This is a badass video card if I don't say so myself











MSI has one of the best cooling solutions out of any RX 5700 XT on the market at this time: Consequently, the video card greatly improves internal case temps.
Even under heaving gaming, the backplate is only "warm" to the touch. Not the case with my old MSI RX 580... you could fry an egg on that backplate.




Wire management 101




The pigtails we will need to power the 5700 XT. The gaming X requires two 8 pin power connectors and has a TDP of 225 watts.




Power connectors and heatsink




The PSU only has provisions for one 6 pin power connector, so I needed two six pin to eight pin adapters to make it work





Sick Noctua fan for the CPU, which is virtually silent below 2500 rpm




Someone had spliced into the Antec PSU in the past, so we had to get that issue resolved for good with electric tape and shrink wrap




Had to cut a little bit out of the front area of the case to get the massive 5700 XT to fit in this chassis




All set!




Looking more like a high performance machine by the minute:




I was up until about 3 AM working on this. I still have many plans for it so stay tuned. Case is all cleaned up and front cover fixed!




MUCH BETTER!







Biostar's own BIOunlocking utility allows you to unlock hidden cores on a Zosma based chip. It's nice to see the X6 in the upper right, because it usually means the extra cores are going to work. Although that's by no means the end of the torture testing / vetting that will occur.




Almost forgot, we are running a 512GB SK Hynix SSD drive for this build...




It was fun doing something a little different and building a system with only spare parts. Means you usually have to get a little more creative with your tech solutions. Stay tuned for OC results and further upgrades...


----------



## storm-chaser (Oct 29, 2020)

Initial performance results in bone stock form...











Edit: That last CPU z screenshot says 799MHz, but it throttled up to 3.4 turbo for all of the above tests... and remains at 3.0GHz for the most part at idle / low load. Just a blip then it clocks back up.


----------



## zenlaserman (Oct 29, 2020)

Sweet.  I recently upgraded a family member's workhorse Athlon II X3 machine to take a Phenom II X6 1045T (95W) we found cheap on eBay.  Slapped CPU in, installed Win10 on SSD, and she's happy.  Quickest 10 y/o computer I've seen, anyway!

I find it interesting your 960T only scores 21.8K in CPU Queen (6K lower than my QX6800) but you have nearly 3x higher PhotoWorxx score.  Anyway, you weren't kidding, that 960T is kind of a beast.  Looking forward to seeing your unlocked+overclocked numbers!


----------



## storm-chaser (Oct 29, 2020)

zenlaserman said:


> Sweet.  I recently upgraded a family member's workhorse Athlon II X3 machine to take a Phenom II X6 1045T (95W) we found cheap on eBay.  Slapped CPU in, installed Win10 on SSD, and she's happy.  Quickest 10 y/o computer I've seen, anyway!
> 
> I find it interesting your 960T only scores 21.8K in CPU Queen (6K lower than my QX6800) but you have nearly 3x higher PhotoWorxx score.  Anyway, you weren't kidding, that 960T is kind of a beast.  Looking forward to seeing your unlocked+overclocked numbers!

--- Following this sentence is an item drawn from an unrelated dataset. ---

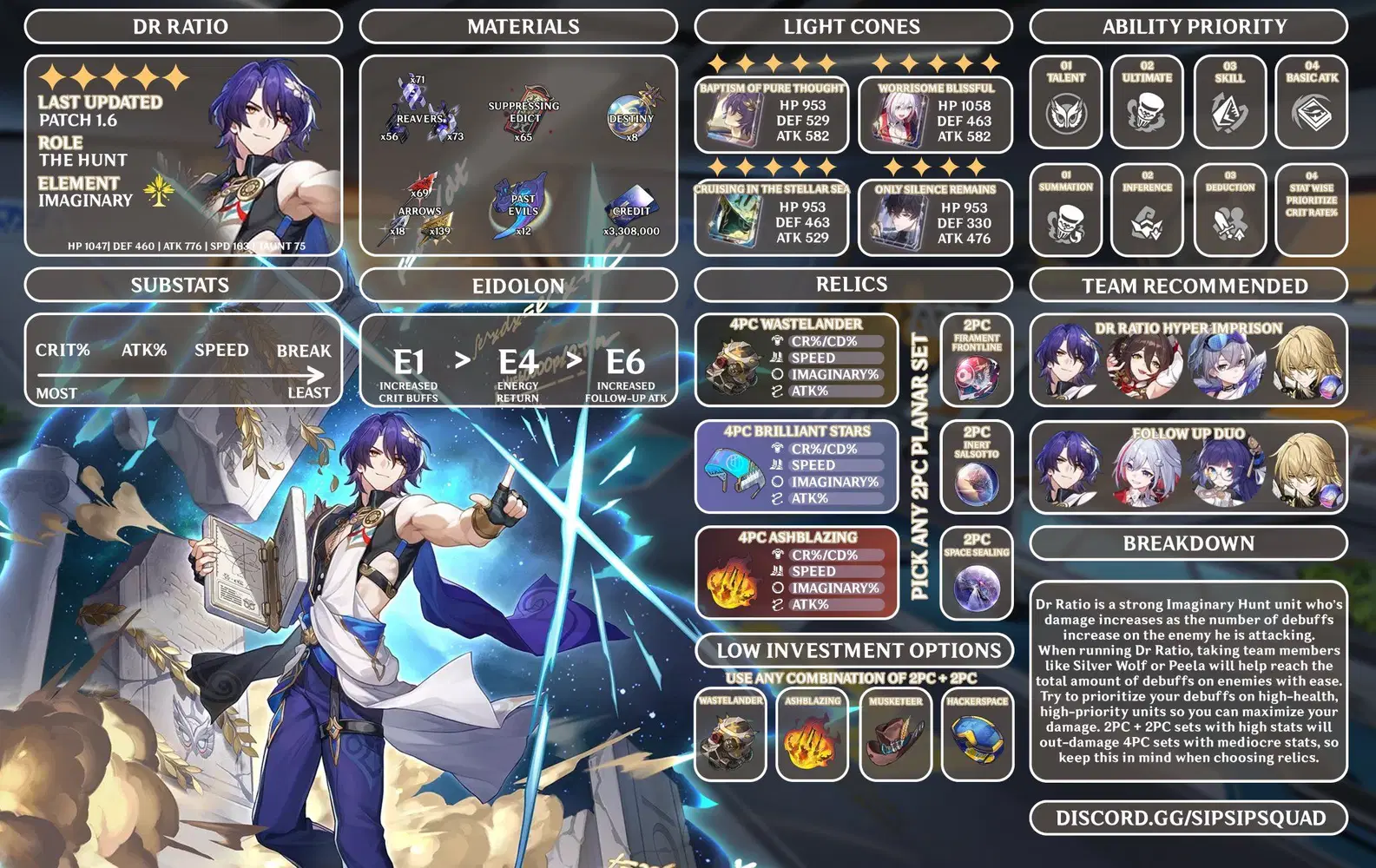 DR RATIO BUILD &amp; TEAM GUIDES ✨🧛📖 Honkai: Star Rail | HoYoLAB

So I just made up some ground on CPU Queen. See results below. OC adjustments have been made and I'm pretty happy with the results overall. Overclocking has been set static at 3.5GHz across all six cores. This is a very conservative overclock but you have to keep in mind, I'm building this with old parts. With only an old 450 or 500 w PSU, and a 225 w TDP GPU, I am playing conservative on this one in terms of CPU clock speed. This is especially important because this will ultimately be my retro gaming rig, to play older FPS games, etc and even some newer games to max it out just for fun, so for reliability sake I am keeping it toned down (against my better judgement lol). The processor is capable of 4.0GHz but for benching only and only reliable for about an hour, according to some torture tests I've run with it in that configuration. Plus I have to pump lots of voltage to it and can do without the extra heat. But there are plenty of other ways to get more performance out of a Phenom II than just clock frequency alone! 

I think if you factor in the massive performance gains on this OC it's pretty easy to tell* this CPU has a great potential in terms of cost/performance ratio.* In fact, I will make the statement that a Zosma 960T or Zosma 970 BE OEM has one of the highest performance threshold increases (or average performance gain by orthodox overclocking methods) across all levels of all CPUs, percentage wise from stock to OC. That would actually make for an interesting benchmark competition.... hmm I will keep that in mind.

*(compare and contrast with stock runs)*

AIDA64 CPU Queen Benchmark




AIDA64 PhotoWorxx Benchmark:




*Down to 49.2 ns on memory latency...* getting closer! The later Phenom II has a sick memory controller that responds very well to overclocking, as you can see the results here are radically different than performance in stock trim. For air cooling, typically 3000MHz is the limit on the CPU-NB but going sub zero or chilling, you can go higher. My record on air is 3121MHz if I remember correctly. And I did that in the dead of winter with the computer outside on a table in front of my room, with the wires connected through the window.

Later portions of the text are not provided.